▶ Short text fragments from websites
--- START ---

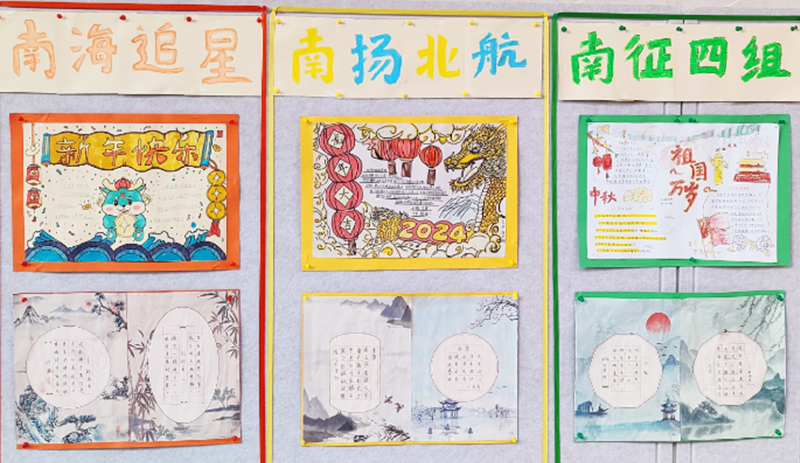 苏派课改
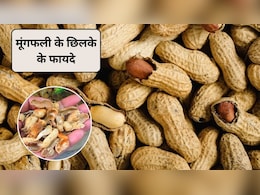 मूंगफली के छिलके फेंकोगे तो पछताओगे, शरीर के लिए लाजवाब, एक्सपर्ट से जानिए मूंगफली गर्म होती है या ठंडी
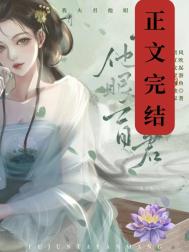 ai换脸视频电影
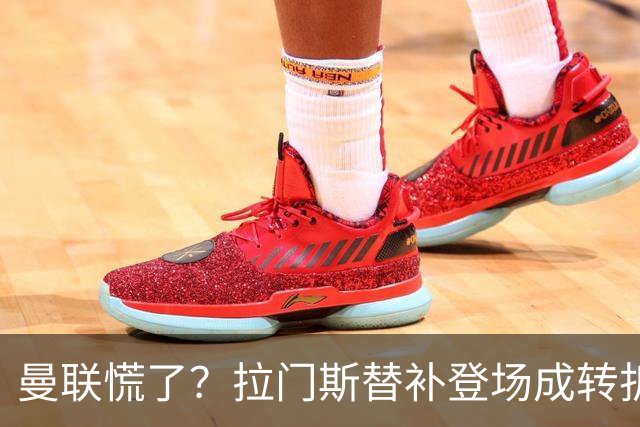 曼联慌了？拉门斯替补登场成转折点 致命失误撕碎比利时
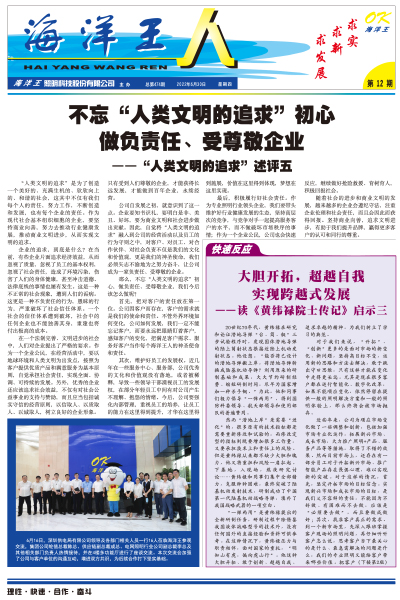 2022年6月30日12期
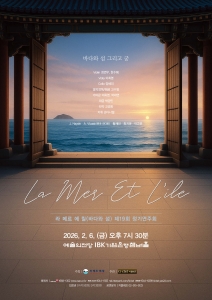 라 메르 에 릴(바다와 섬) 제19회 정기연주회
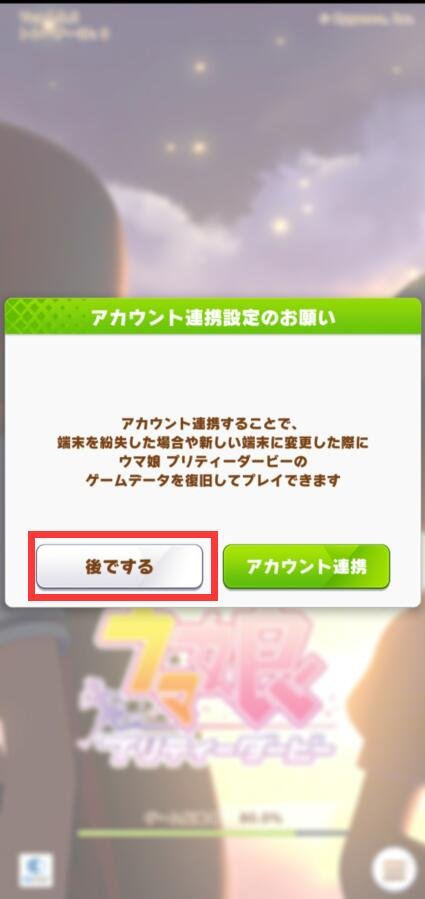 賽馬娘日服正式版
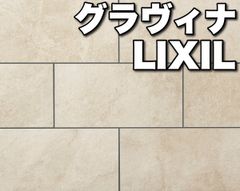 【ケース販売】グラヴィナ　LIXIL　600×300角　床　タイル　アイボリー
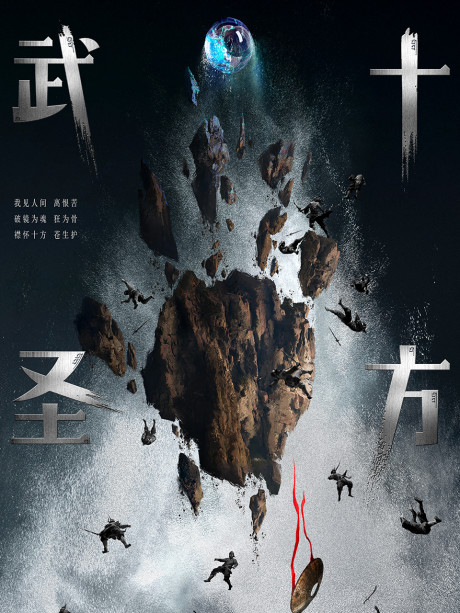 shi fang wu sheng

--- END ---

▶ Exercise prompt
Print all the records exactly, minus any images.

▶ Task solution
 苏派课改
 मूंगफली के छिलके फेंकोगे तो पछताओगे, शरीर के लिए लाजवाब, एक्सपर्ट से जानिए मूंगफली गर्म होती है या ठंडी
 ai换脸视频电影
 曼联慌了？拉门斯替补登场成转折点 致命失误撕碎比利时
 2022年6月30日12期
 라 메르 에 릴(바다와 섬) 제19회 정기연주회
 賽馬娘日服正式版
 【ケース販売】グラヴィナ　LIXIL　600×300角　床　タイル　アイボリー
 shi fang wu sheng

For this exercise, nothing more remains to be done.